(Captioned web images)
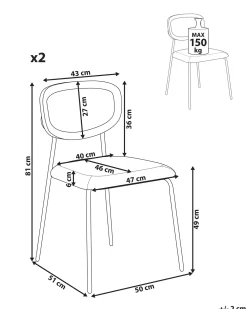 Set di 2 sedie da pranzo MAYETTA Metallo Arancione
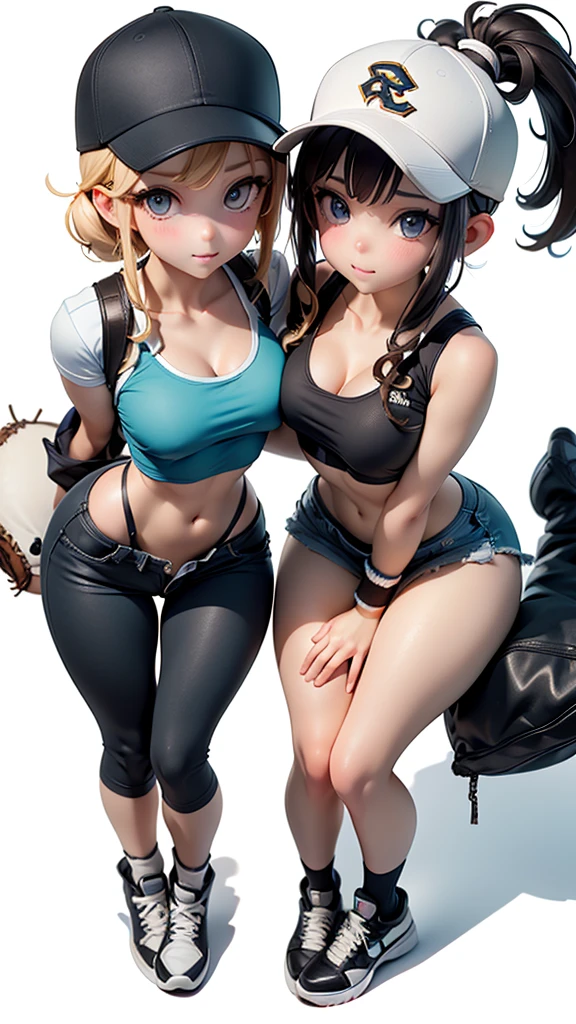 2 girls, several girls,(high level image quality),(high quality),(High resolution),(Details),(nafw),(masterpiece),(artwork:1.2), (realist),looking at the viewer, detailed eyes, Perfect eyes, detailed face,(baseball cap),dynamic pose,(completely white background),((leg warmers)),(crop top),(under the chest),(Line art),(from above:1.2), (sneakers), (NSFW), 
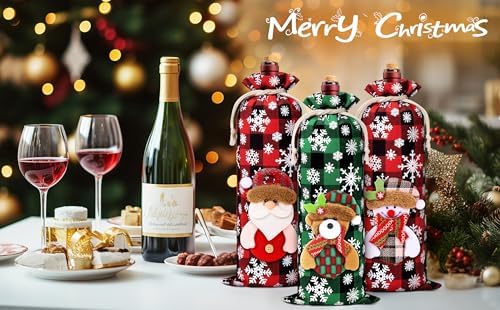 8Pcs Christmas Wine Gift Bags, Buffalo Plaid Drawstring Wine Bottle Covers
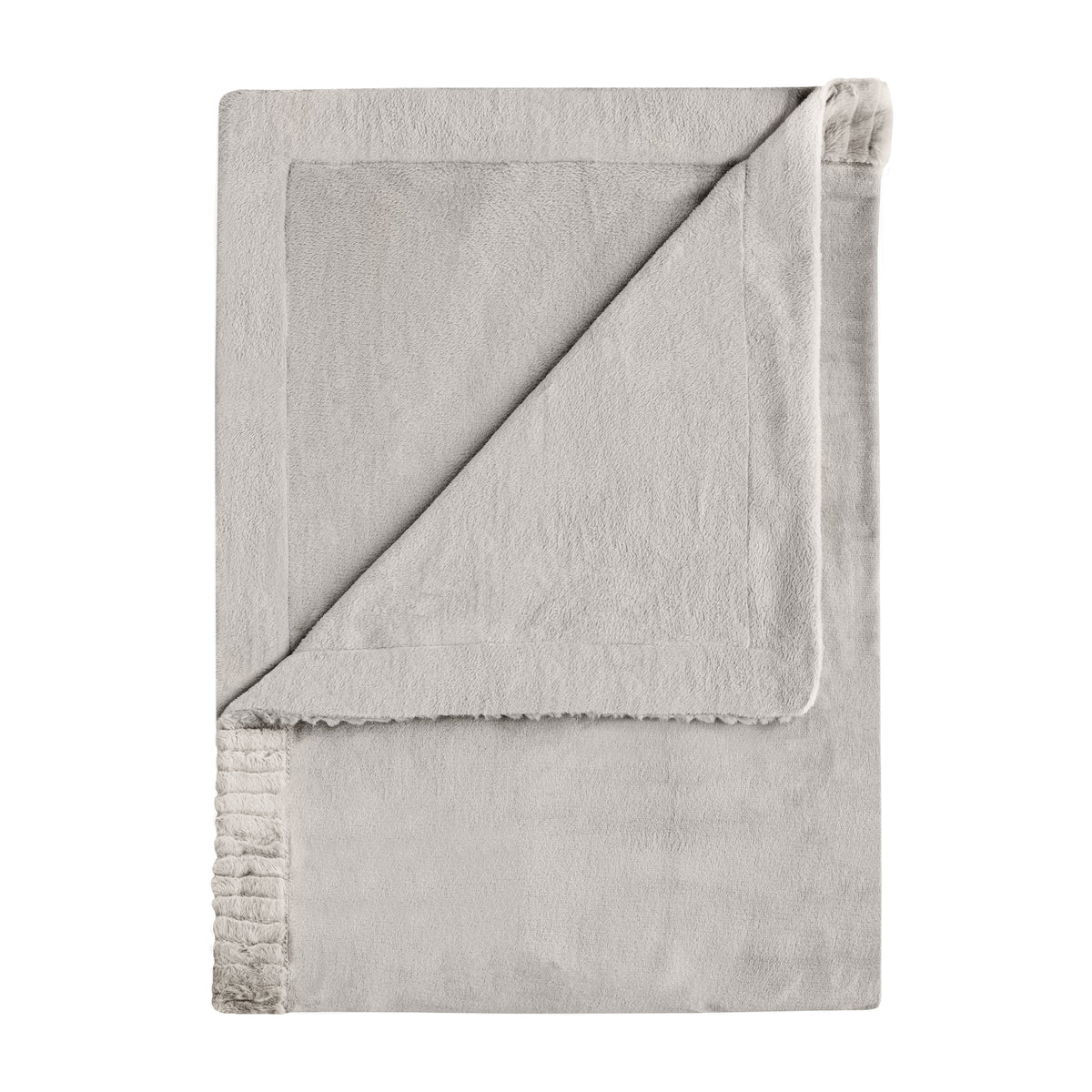 Catherine Lansfield Velvet and Faux Fur Soft Blanket Throw in Natural 150 x 200cm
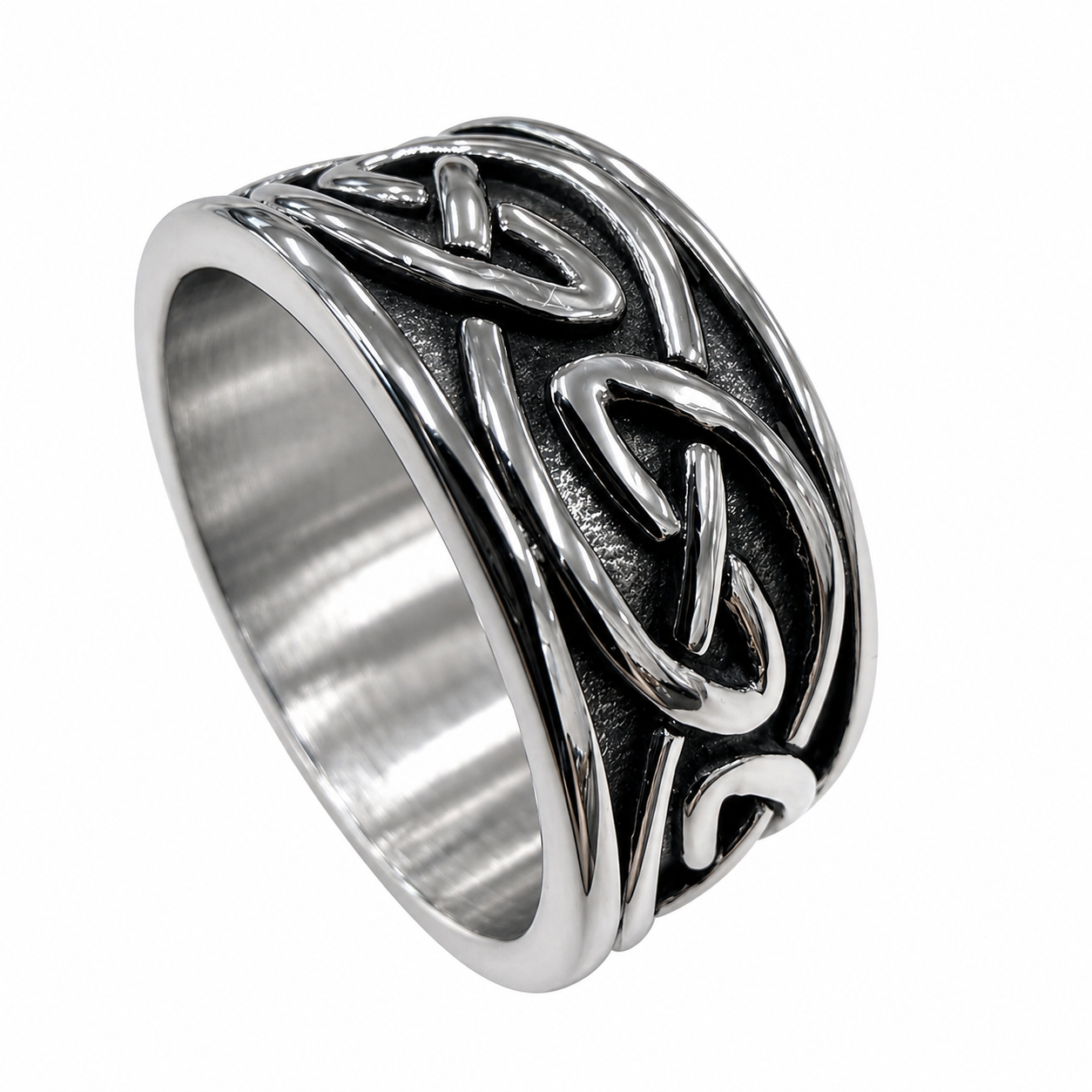 Stainless Steel Celtic Knot Infinity Weave Eternity Band Ring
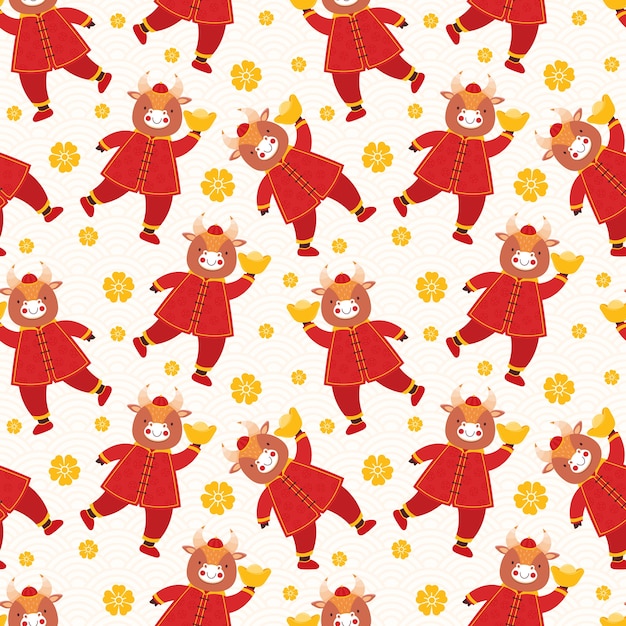 Chinese new year 2021 ox. Seamless pattern bull in traditional red clothes with gold coins and bars;
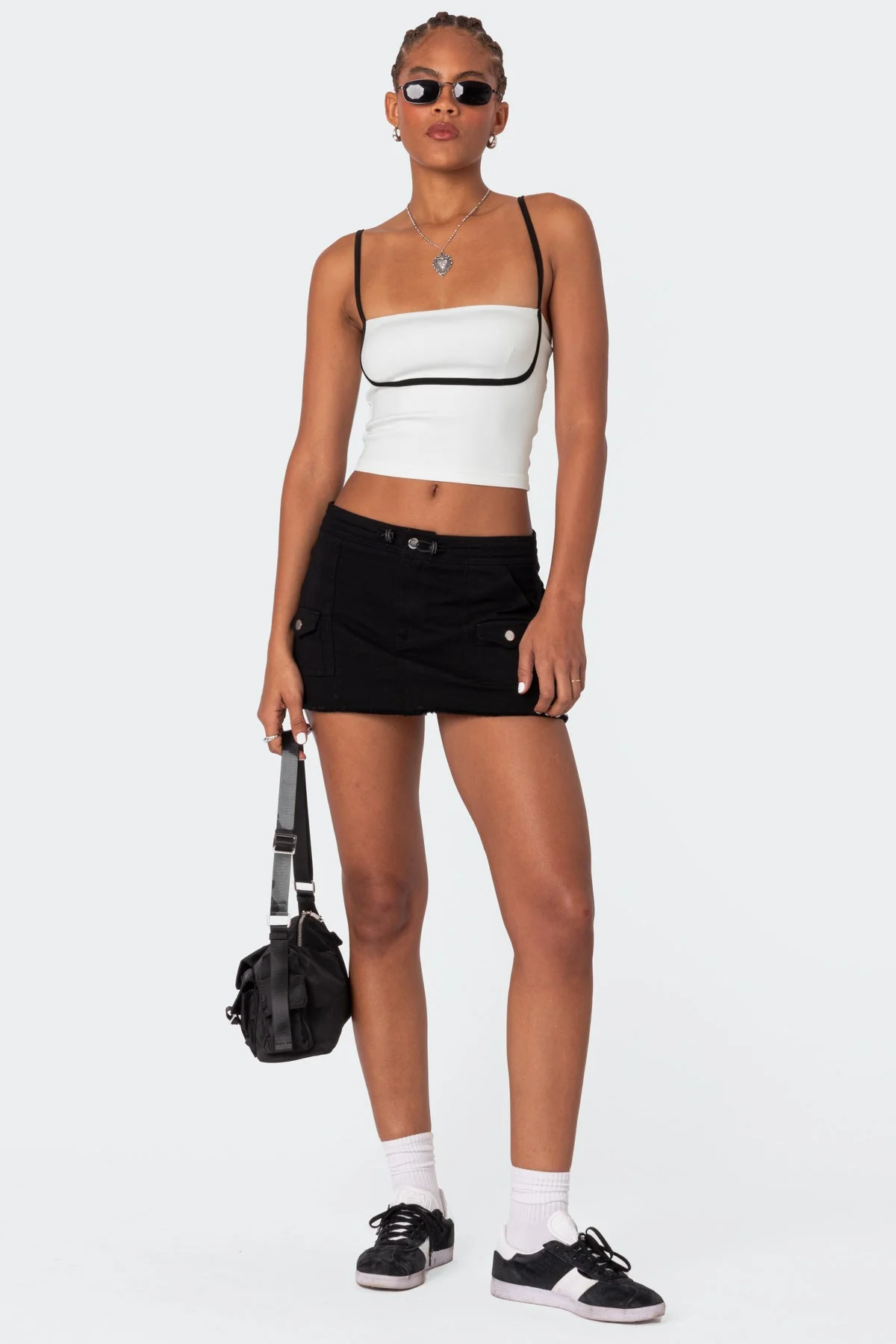 White Adjustable Strap Tank Top for Women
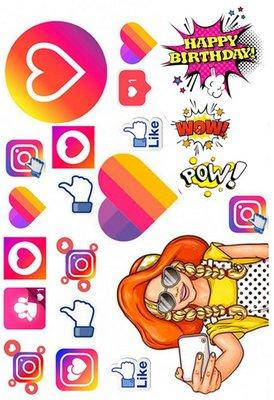 

Вафельна картинка для кондитерских виробів Likee, Instagram (лист А4) 27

TASK DIRECTIONS: Leaving the pictures out, copy exactly the lines from the line that contains "White Adjustable Strap Tank Top for Women" to the last line of the data, both ends included.

WRITTEN RESPONSE:
 White Adjustable Strap Tank Top for Women

Вафельна картинка для кондитерских виробів Likee, Instagram (лист А4) 27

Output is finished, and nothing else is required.